- _To do_: Output, exactly as written, the lines below from the one that has "Free People Damsell" through the one that has "Used 2022 Lexus"; nothing else, and no pictures.

- _Given data_:
::::::::::

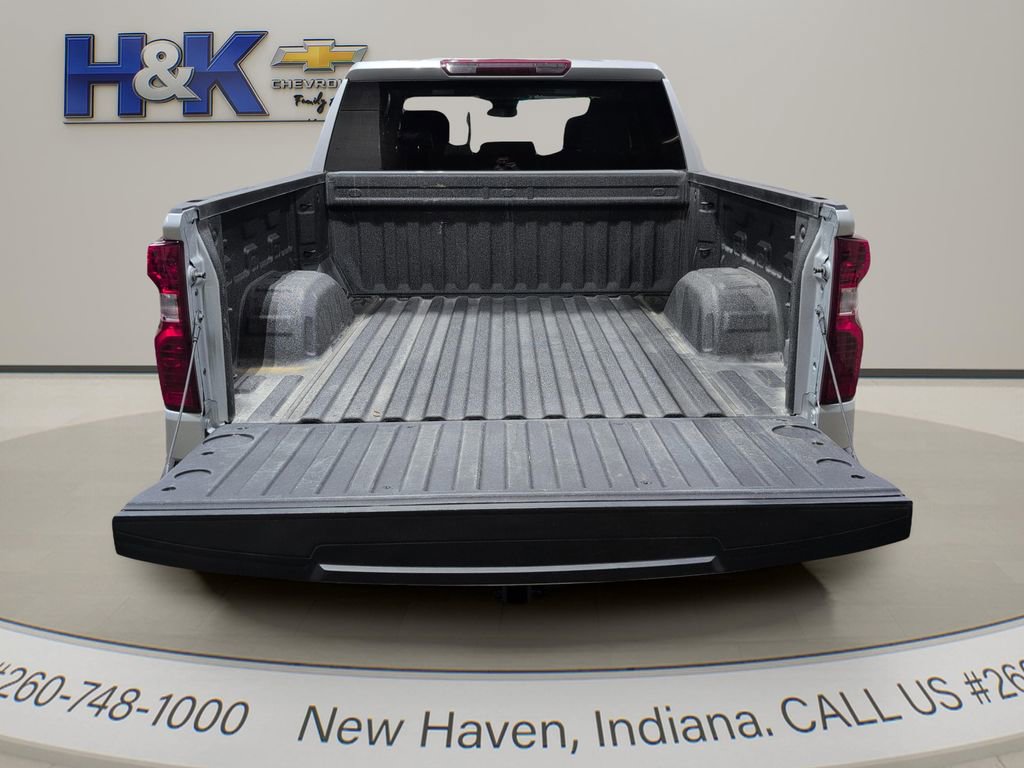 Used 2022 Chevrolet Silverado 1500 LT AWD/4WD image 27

::::::::::

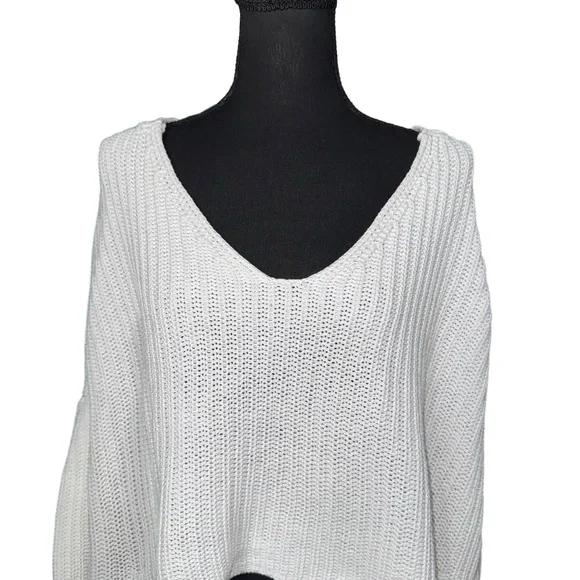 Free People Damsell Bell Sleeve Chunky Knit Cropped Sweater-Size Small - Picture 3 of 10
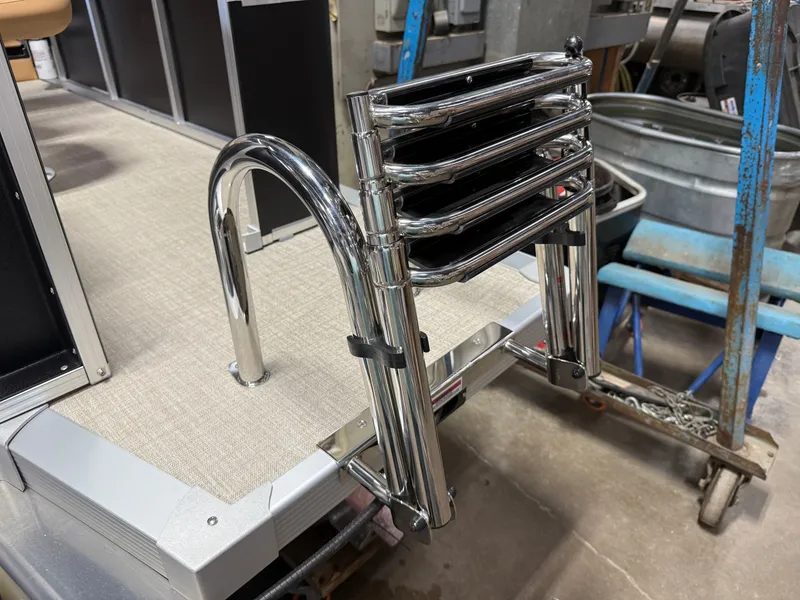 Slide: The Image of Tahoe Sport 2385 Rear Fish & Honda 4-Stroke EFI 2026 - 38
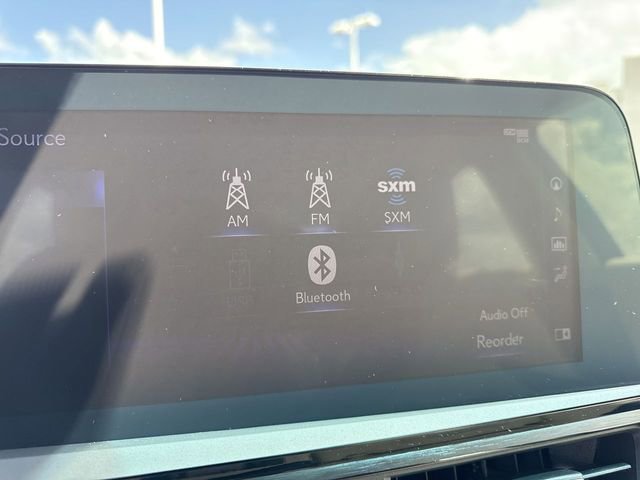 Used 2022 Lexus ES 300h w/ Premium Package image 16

::::::::::

- _Response to the task_:
 Free People Damsell Bell Sleeve Chunky Knit Cropped Sweater-Size Small - Picture 3 of 10
 Slide: The Image of Tahoe Sport 2385 Rear Fish & Honda 4-Stroke EFI 2026 - 38
 Used 2022 Lexus ES 300h w/ Premium Package image 16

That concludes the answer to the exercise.